Lucien was having a blast.
That morning he’d awoken early to a banging on his door by a lykan around his age with an attitude and bad hair. Julian was a pain in the ass, and Lucien had a feeling he’d been given to him specifically because he was a pain in the ass. He made deliberately malicious comments about the pack, about Caia, anything to try to make Lucien lose his temper. If only he knew that the transparency of his attempts merely irritated rather than angered. He was like a puppy, nipping in frustration because you won’t play back.
However, the Second Unit? Now that was fun.
The Center had set up a simulator of a large woodland arena where the lykans could work out strategies in human form but execute them as wolves. The arena was amazing—the smells, the mud, the trees, the air, all of it as real as could be. And Lucien was getting to stretch his legs, battling sandbag dummies and holograms of Midnights. The sweat was thick in his fur, his muscles screamed, and his jaws ached from ripping apart so many faux Midnights. But Hades, it was a buzz. What a way to work out the frustration.
A piercing buzzer went off, signaling them to return to base point and change. He laughed at his disappointment and set off with the others. Unabashedly they changed, men and women alike, and pulled on their clothing.
A hand slapped down on Lucien’s shoulder. “Gaia, you’re quick!” Julian was grinning at him now, all contempt wiped from his face.
“Yeah, dude,” one of the largest lykans in the unit said gruffly, his dark eyes glittering in respect. “I’ve never seen someone your size move so fluidly.”
“What do you say, Lucien?” Anders, the unit’s Alpha grinned at him. “Sure we can’t convince you to become a permanent fixture around here?”
Lucien laughed, enjoying the camaraderie, and truthfully, he snorted, the boost to his ego.
“I’m too old to start now,” he joked.
“No way.” One of the female members, Lyla, ran her tongue across her bottom teeth flirtatiously. “You look in shape to me.”
“I have a pack to run.”
Julian sneered again. “You like being king of the mountain, huh?”
Lucien slapped him on the back. “Yeah, I do.”

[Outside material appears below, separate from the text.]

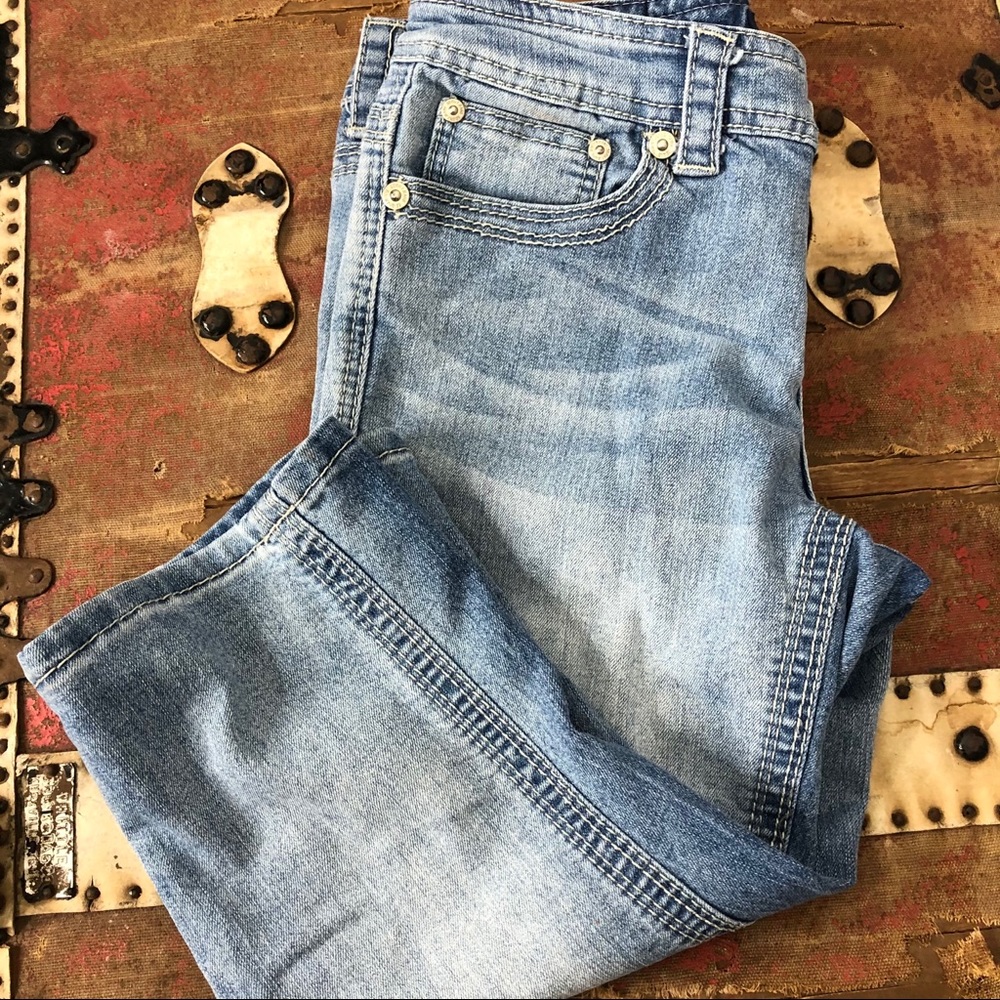 Women’s Cropped Capris by SEVEN7 SZ 4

Anders and the others laughed. “Well, we’ve been pushing hard today. We really should get you a meal before your meeting tonight.”
He nodded and followed them out of the simulator. Thoughts of their five o’clock with Marita and Vanne got him wondering how Caia’s day had gone so far. It bugged him to be apart from her, especially not knowing how she’d been received by the others. Had they been cruel? Kind? Indifferent?
He stretched his neck, unfurling his fists from the tight balls he’d pulled them into. If she was harmed when he got her back tonight, he was going to crack some heads, regardless of being under the supervision of the Head of the Coven.
It looked like he had nothing to worry about. Caia greeted him outside his room with Marion, brimming over with excitement. Apparently his little Cy had awed everyone by picking up the communication spell on the first try.
Great.
Not only could she now slam a door in his face from a great distance, but she could actually disappear from his very arms within seconds. That certainly didn’t even things out in a fight.
Ah, he knew he was being belligerent. And she looked so damn pleased with herself.
“Did you know that some magiks use words?”
“Ethan,” he replied grimly.
He watched her blanch as she remembered the fight with her uncle, the spell Ethan cast under his breath to get out from the shield Caia had put around him to stop him from hurting Lucien and Jaeden.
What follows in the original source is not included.